Work request:
Write out the listing below in full and exactly, leaving out every picture.

Information supplied:
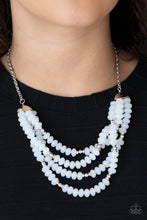 Load image into Gallery viewer, Featuring bold silver fittings, a whimsical collection of faceted white opaque crystal-like beads and dainty silver beads are threaded along invisible wires below the collar, creating icy layers. Features an adjustable clasp closure.  Sold as one individual necklace. Includes one pair of matching earrings.
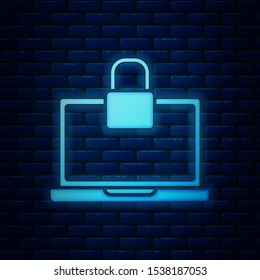 Glowing neon Laptop and lock icon isolated on brick wall background. Computer and padlock. Security, safety, protection concept. Safe internetwork.  Vector Illustration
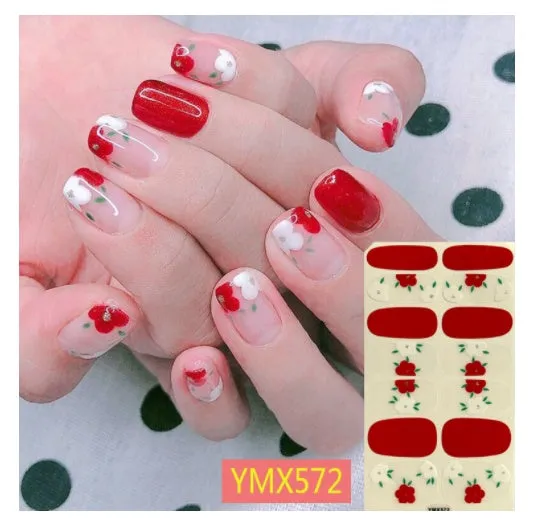 Full nail stickers set of 14 sheets showing 16 colour options in a flat lay arrangement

Solution below:
 Load image into Gallery viewer, Featuring bold silver fittings, a whimsical collection of faceted white opaque crystal-like beads and dainty silver beads are threaded along invisible wires below the collar, creating icy layers. Features an adjustable clasp closure.  Sold as one individual necklace. Includes one pair of matching earrings.
 Glowing neon Laptop and lock icon isolated on brick wall background. Computer and padlock. Security, safety, protection concept. Safe internetwork.  Vector Illustration
 Full nail stickers set of 14 sheets showing 16 colour options in a flat lay arrangement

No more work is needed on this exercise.